04/15/2026 | Press release | Distributed by Public on 04/15/2026 12:53
|
Tatyana Woodall
Ohio State News
|
In pursuit of understanding the role dark energy plays in complex physics, researchers have marked completion of a major milestone: successfully surveying the entire target area in the Dark Energy Spectroscopic Instrument (DESI)'s 3D map of the universe.
Finished ahead of schedule and armed with vastly more data than expected, researchers plan to use DESI's map, which is the largest high-resolution 3D construct of the universe ever made, to explore dark energy, the fundamental ingredient that makes up about 70% of the cosmos.
In the five years since DESI began collecting data, the survey has observed more than 47 million galaxies and quasars and 20 million stars, and its results have already revealed much about the structure and evolution of the universe, said Paul Martini, the instrument scientist during DESI construction and commissioning and a professor of astronomy at The Ohio State University.
"DESI has been a superb international collaboration, and its incredibly fruitful scientific results are a leading example of its impact on the broader scientific community," he said.
DESI's quest to understand dark energy is a global endeavor. The international experiment brings together the expertise of more than 900 researchers (including 300 PhD students) from over 70 institutions and is managed by the Department of Energy's Lawrence Berkeley National Laboratory. Researchers at Ohio State have been crucial partners to some of DESI's most significant discoveries, from helping analyze the promising first-year results to learning how dark energy continues to evolve in unexpected ways.
"Ohio State made the largest contributions to the instrumentation, operations and analysis infrastructure of any university group in DESI," said Klaus Honscheid, lead scientist of DESI instrument operations and a physics professor at Ohio State. "We are proud of our collaboration's world-leading results on dark energy, as well as pleased with the substantial, international media attention they have received."
Amidst the program's ambitious schedule, the DESI team's ability to complete the survey in five years was challenged more than once, most notably by the Contras wildfire in 2022, which interrupted power and internet infrastructure in the observatory for months.

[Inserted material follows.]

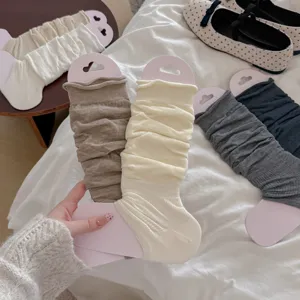 Korean style knit stirrup leg warmers for women, cozy casual slouch socks, autumn detail.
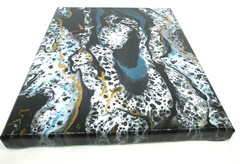 Original Abstract Acrylic Pour Painting 8×10 Black White Gold Glitter Blue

Fortunately, these disruptions were isolated and fixed quickly, said Ashley Ross, lead scientist for the DESI large-scale structure catalogs and an assistant research professor of physics at Ohio State.
"By coming up with creative solutions to address unforeseen problems, the high-quality data we collected each night was carefully and confidently used to obtain the exciting cosmological constraints that DESI is now known for," said Ross.
Now, with this new completed set of data, scientists will have significantly more information to test long-held hypotheses about the balance between dark energy and matter, and their answers may mark a major shift in how we think about our universe and its potential fate.
Having measured cosmological data for six times as many galaxies and quasars as all previous measurements combined, the collaboration plans to immediately begin processing their completed dataset in the coming months, with the first dark energy results from DESI's full five-year survey expected in 2027.
After completing the original five-year mission, DESI plans to continue observations through 2028. This will include expanding its survey to include parts of the sky that are more challenging to observe: Constructing a more detailed map of the cosmos may also make it easier for scientists to study nearby objects like dwarf galaxies and stellar streams, and grant them the ability to paint a much clearer picture of the universe's formation and history, said Honscheid.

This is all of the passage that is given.